On Edit Because I don't type on my phone.

That looks awful, but it's a lot more orange than it looks. I made quite a few mistakes along the way, but I did get through it. Thanks for all the help...getting there.

It's windy here today, and it's ripping right through the shop. I've been working on silver all day. Not sure if I ran in to some cadmium or just iron, but it did NOT make filtering very easy.
 
Tin makes it a bear to filter.
Thats why it is always suggested to remove it first, whether chemically or mechanically (or both).
Tin will also make colloidal gold, stealing it from you as well.

So, be sure to always incinerate your material if going from HCl to nitric, so you don't end up prematurely dissolving some of the gold in a weak reversed AR.

Search for a post by Harold on incineration.
 
I know...I'm pretty knowledgeable, I just don't have the equipment set up yet to roast the chlorides from an HCl leach. Hopefully in the next week or so, but everything seems to be going slow in life right now.

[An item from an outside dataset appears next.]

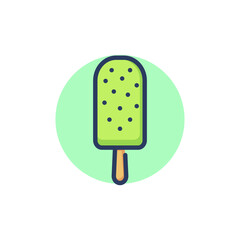 Ice cream on stick line icon. Sundae, sweet, icing outline sign. Dessert and food concept. Vector illustration for web design and apps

All in all, the silver is ALL profit after the first two ounces (to pay for the gallon of nitric)...and that was a while ago, so I can't complain too much. Doesn't mean I can't make it better though.
 
snoman701 said:
For small amounts, such as the amount to be found in say, 20 grams of chips, is the inability to filter Tin Oxide not as worriesome?

I wasnt trying to belittle, but yet answer this...
 
Topher_osAUrus said:
snoman701 said:
For small amounts, such as the amount to be found in say, 20 grams of chips, is the inability to filter Tin Oxide not as worriesome?

I wasnt trying to belittle, but yet answer this...
Knowledge but not experienced. My reading I would prefer to leach in HCl, wash, then use hcl followed by nitric to take up base metals and gold. It avoids the colloidal gold as well as filtering problems.

A more experienced member however suggested something else, which motivated my query.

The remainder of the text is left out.